【スプリンターズS】今でも瞼に焼きつく偉大なる龍王の姿
スプリンターかくあるべし
秋の中山に快速馬が揃い、各種ある路線に先駆けてスプリント戦のチャンピオンが今週決まる。初秋からやがて夜寒へ、秋雨から紅葉へと次第に秋が深まるにつれ、各路線の顔触れが揃い覇を競うのだが、細やかな季節の変化に応じて野の花が順番を待つのに似ている。秋気澄むという感じに晴れ渡った空を見る思いで、それぞれの頂上決戦に声援を送りたい。
スプリンターズSと言えば、近年の短距離王ロードカナロアの栄光のスタートとなった大一番だが、全てのスプリンターの目標となるこの馬をしっかり知っておくことで、勝ち馬に近づくことが出来るのではないか。
2歳の12月、小倉の1200米の新馬戦で6馬身差の圧巻の勝利をつかみ、翌年4戦目の4月の1200米から4歳の1月のシルクロードSまで5連勝し、スプリント能力をアピール、高松宮記念で初めてGIに登場していた。この時は、前年のスプリント女王で厩舎の先輩カレンチャンに貫録を見せつけられ3着に敗れたが、春は馬体が出来上がってはいないしと、むしろ今後の成長に期待を抱かせていた。
そしてひと夏越した4歳秋、このスプリンターズSに成長した姿を見せていた。だが、中山では不利と言われる大外の16番枠で、デビュー以来12戦目にして初めて1番人気の座をカレンチャンに譲って2番人気だった。ともに安田隆厩舎所属だが、カナロアの長所について、どんな状況にあっても平常心を保っていられる、レースではいつも全力を出し切ってくれると語っていた。
果たしてレースでは、すごいペースの中でも自分のリズムで中団よりやや後ろを追走し、先に仕掛けたカレンチャンを見据えて馬群の外を回って直線に向くと、真っすぐ伸び、力でねじ伏せてレコードで勝利していた。岩田康騎手は、ここで勝たせるのが使命と述べていたが、強すぎる、速すぎるというのが実感だった。
その後は、日本馬にとっては悲願の国際G1香港スプリントを勝ち、翌年の5歳時は6戦して、高松宮記念、安田記念、そしてスプリンターズSと香港スプリントの連覇で有終の美を飾って、種牡馬入りしている。
産駒から、アーモンドアイ、サートゥルナーリアなどを早くも輩出し、その夢はまだまだ広がっていくが、現役時のスピードがあって最後まで走り抜く切れ味こそ、スプリンターとしての類稀な資質であったと言える。

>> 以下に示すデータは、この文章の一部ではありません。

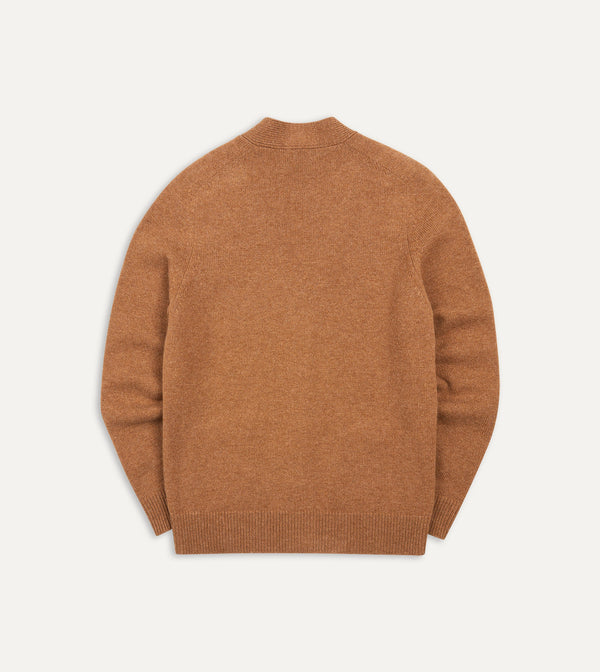Drake's Brown Lambswool 6 Button Cardigan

今年のスプリンターズSには、その産駒からダイアトニック、ダノンスマッシュが出走するが、ともに5歳、成長した姿をどう見せてくれるか。いずれも安田隆厩舎というのが面白い。モズスーパーフレア、グランアレグリアのGI馬2頭は、今年強い牝馬の流れに乗って勢いがあるので、これらを含めた考え方でいきたい。